How do you simplify square root of 24 + square root of 54? $\sqrt{24}+\sqrt{54}$
 (a) Using algebraic properties
(b) Using linear formulas
(c) Using trigonometric formulas
(d) None of these

Answer 1

Hint: We are given a problem where we have to simplify a given term to get the solution. Here we will start with simplifying each of the numbers by using the prime factorisation and writing down the factors to obtain simpler form. Then we will add them and then simplify we are getting our desired result.
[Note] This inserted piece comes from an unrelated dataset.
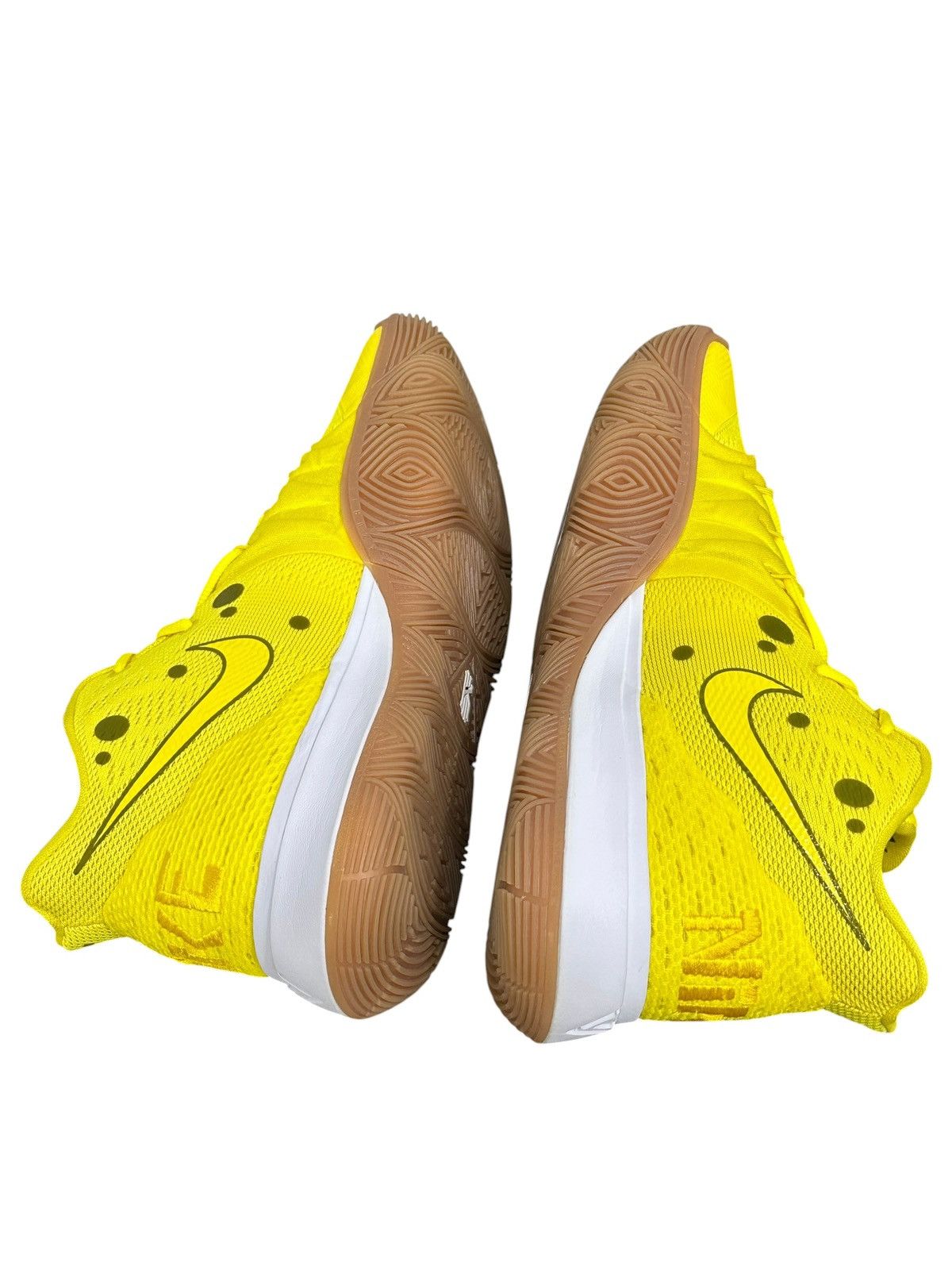 Nike Size 11.5 - Nike SpongeBob SquarePants x Kyrie 5 SpongeBob Size US 11.5 / EU 44-45 - 6 Thumbnail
Complete step by step solution:
According to the problem, to start with we are left with finding the square root of 24 + square root of 54.
So, let us start with the first number which is 24.
Now, let us perform the prime factorization for 24 as below,
$\begin{align}
  & 2\left| \!{\underline {\,
  24 \,}} \right. \\
 & 2\left| \!{\underline {\,
  12 \,}} \right. \\
 & 2\left| \!{\underline {\,
  6 \,}} \right. \\
 & 3\left| \!{\underline {\,
  3 \,}} \right. \\
 & 1 \\
\end{align}$
Hence, 24 can be written as $3\times 2\times 2\times 2$ .
So, if we try to write $\sqrt{24}$ we get, $\sqrt{3\times 2\times 2\times 2}$.
As there are two 2’s inside the root term, one of them can be taken out.
So, 24 can be written as, $2\sqrt{6}$.
Again, start with the second number which is 54. Prime factorisation is as below,
$\begin{align}
  & 2\left| \!{\underline {\,
  54 \,}} \right. \\
 & 3\left| \!{\underline {\,
  27 \,}} \right. \\
 & 3\left| \!{\underline {\,
  9 \,}} \right. \\
 & 3\left| \!{\underline {\,
  3 \,}} \right. \\
 & 1 \\
\end{align}$
Hence, we can write 54 as $3\times 2\times 3\times 3$ .
So, if we try to write $\sqrt{54}$ we get, $\sqrt{3\times 2\times 3\times 3}$.
As there are two 3’s inside the root term, one of them can be taken out.
So, 54 can be written as, $3\sqrt{6}$.
Hence, $\sqrt{24}+\sqrt{54}$ can be written as, $2\sqrt{6}+3\sqrt{6}=5\sqrt{6}$. So, only using algebraic properties we have got our answer.

So, the correct answer is “Option a”.

Note: Here in this problem we are adding $3\sqrt{6}$ and $2\sqrt{6}$ in the last step. We have to keep that in mind that the terms are having the same numbers inside the root term and only that is why we are being able to add them altogether. If the terms inside the roots were different then it would not have been possible to add them.